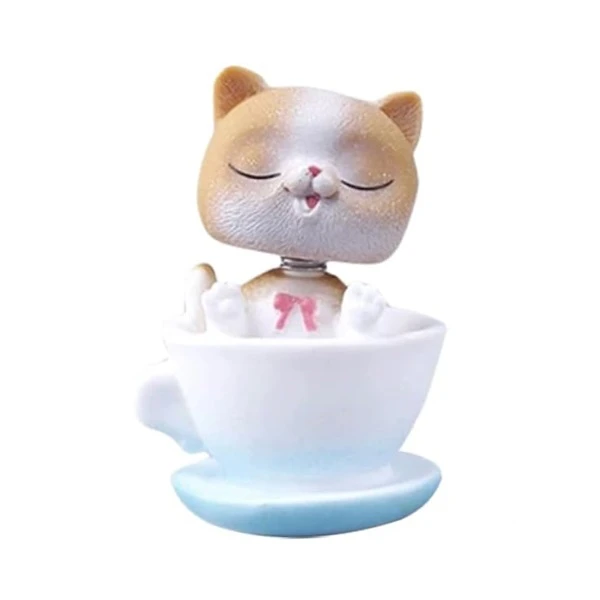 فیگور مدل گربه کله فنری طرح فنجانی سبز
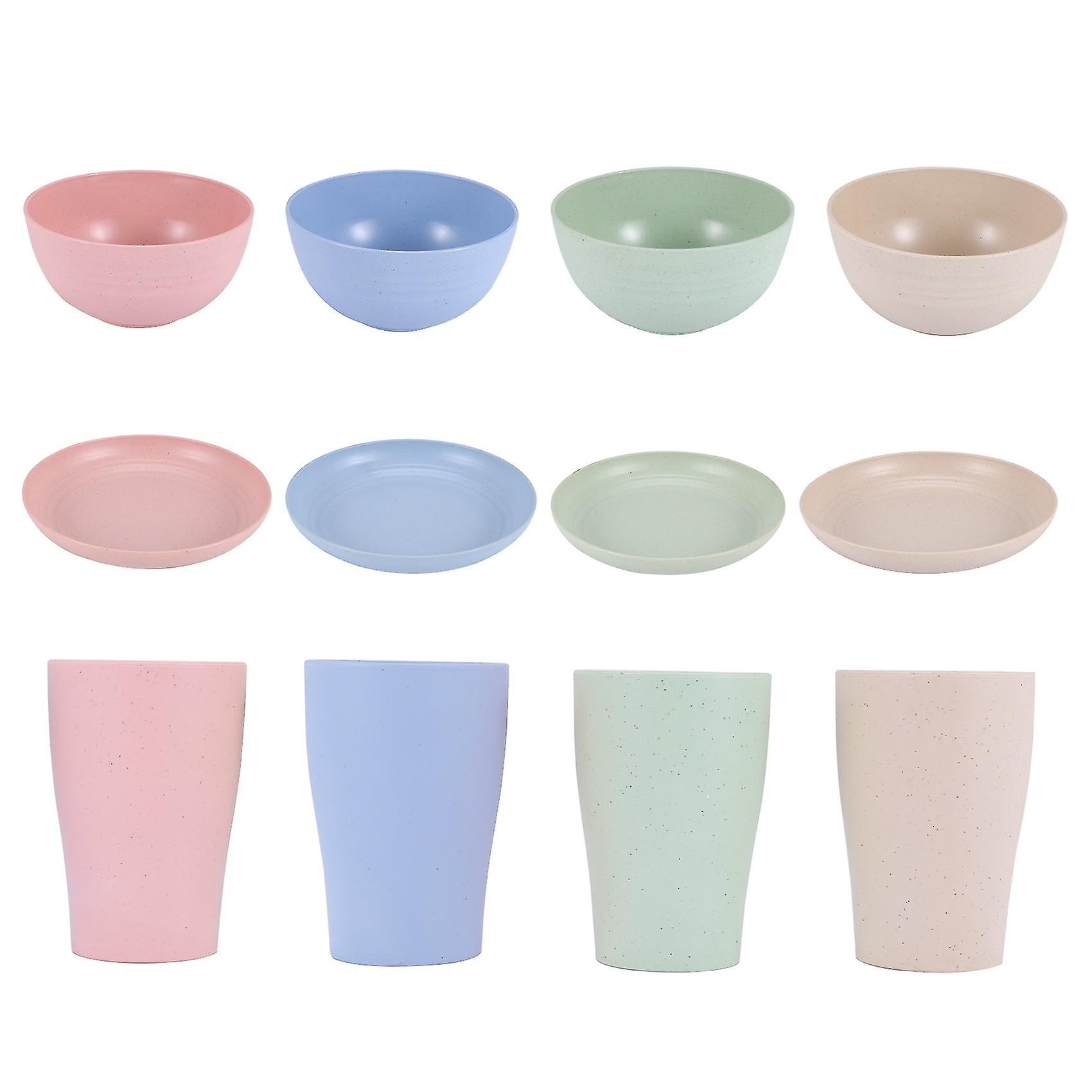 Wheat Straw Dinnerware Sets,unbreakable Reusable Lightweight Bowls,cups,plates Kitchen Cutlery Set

==

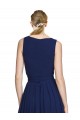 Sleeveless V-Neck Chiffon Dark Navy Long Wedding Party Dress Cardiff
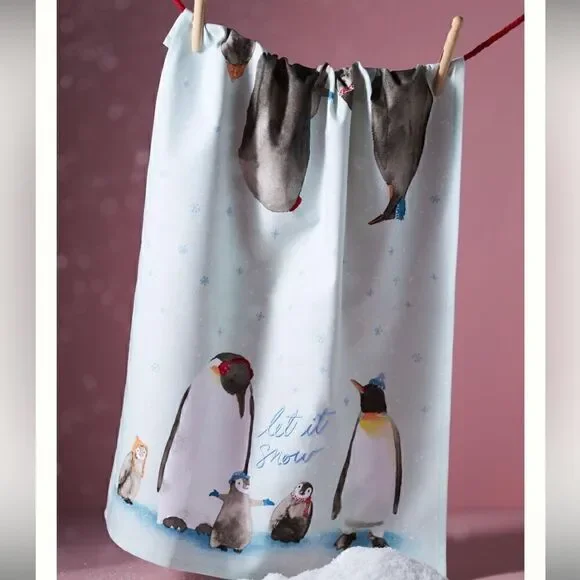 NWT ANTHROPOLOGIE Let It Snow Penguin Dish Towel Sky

→ Your assignment: Leave the pictures out. Output, exactly, the lines of the material above starting at the line containing "فیگور مدل گربه کله فنری طرح فنجانی سبز" and ending at the line containing "Wheat Straw Dinnerware".

→ Problem solution:
 فیگور مدل گربه کله فنری طرح فنجانی سبز
 Wheat Straw Dinnerware Sets,unbreakable Reusable Lightweight Bowls,cups,plates Kitchen Cutlery Set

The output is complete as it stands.